Extinction of stratified counterflow H 2 / air premixed flames under intense turbulence and strain

Highly turbulent lean premixed hydrogen-air flames stabilized against counter-flowing non-adiabatic stoichiometric combustion products in chemical equilibrium are investigated in a joint numerical and experimental effort. The effects of turbulence, strain rate, non-adiabaticity and composition stratification on flame structure, local flame quenching and re-ignition are studied using three-dimensional Direct Numerical Simulations (DNS) and laser induced fluorescence (LIF) imaging of OH. Combustion was established at an elevated turbulent Reynolds number of 1,500 and a bulk strain rate of 2400 s in a compact cylindrical volume delimited by the two co-axial nozzles of diameter 12.7 mm and separation distance of 12 mm. The reactant and equilibrium product streams are at temperatures of 294K and 1475K respectively, and at 1 atm. Computationally, the compressible Navier-Stokes, total energy and species conservation equations are solved using a high order, low-dissipative finite difference scheme. An explicit Runge-Kutta scheme is used for time integration. A detailed chemical kinetics mechanism for hydrogen-air combustion is used, that involves 9 species and 19 elementary reaction steps.

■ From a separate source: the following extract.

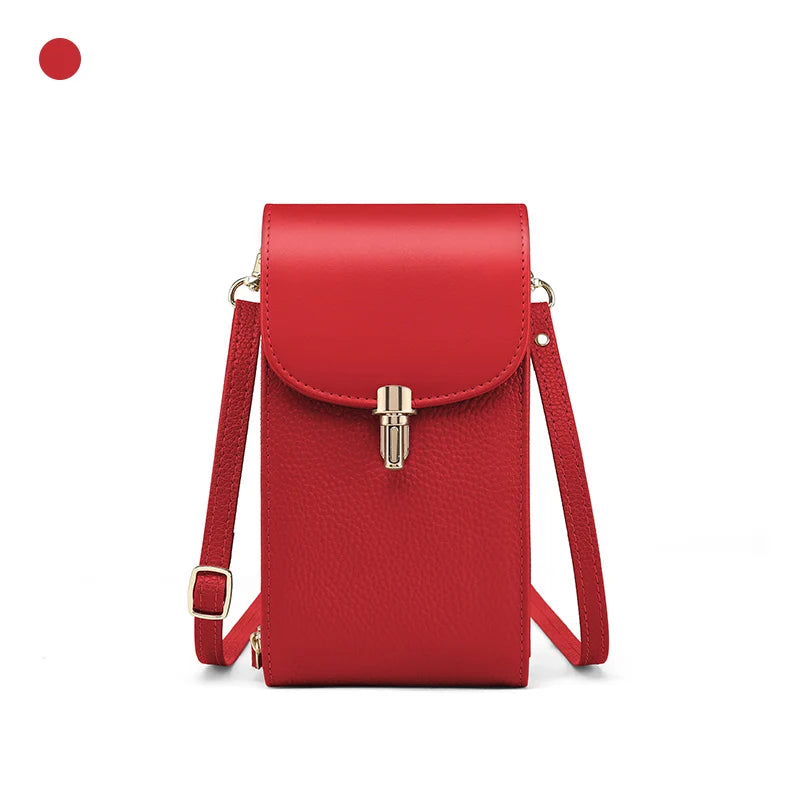 Sac Bandoulière Femme en Cuir Véritable – 8 Compartiments Carte, Poche Zippée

The code is parallelized with MPI message passing routines. The analysis of the combined numerical and experimental data aims to quantify the local extinction levels and examine the morphology of the extinguishing and re-light events. The joint approach focuses on a detailed presentation of the turbulence-flame interactions and an assessment of the driving mechanism that leads to the appearance of non-reactive regions along with the main re-ignition patterns. The main objective is to provide a combined numerical and experimental database and achieve in-depth physical understanding of the fundamental and complex mechanisms associated with local extinction and flame healing in turbulent stratified combustion.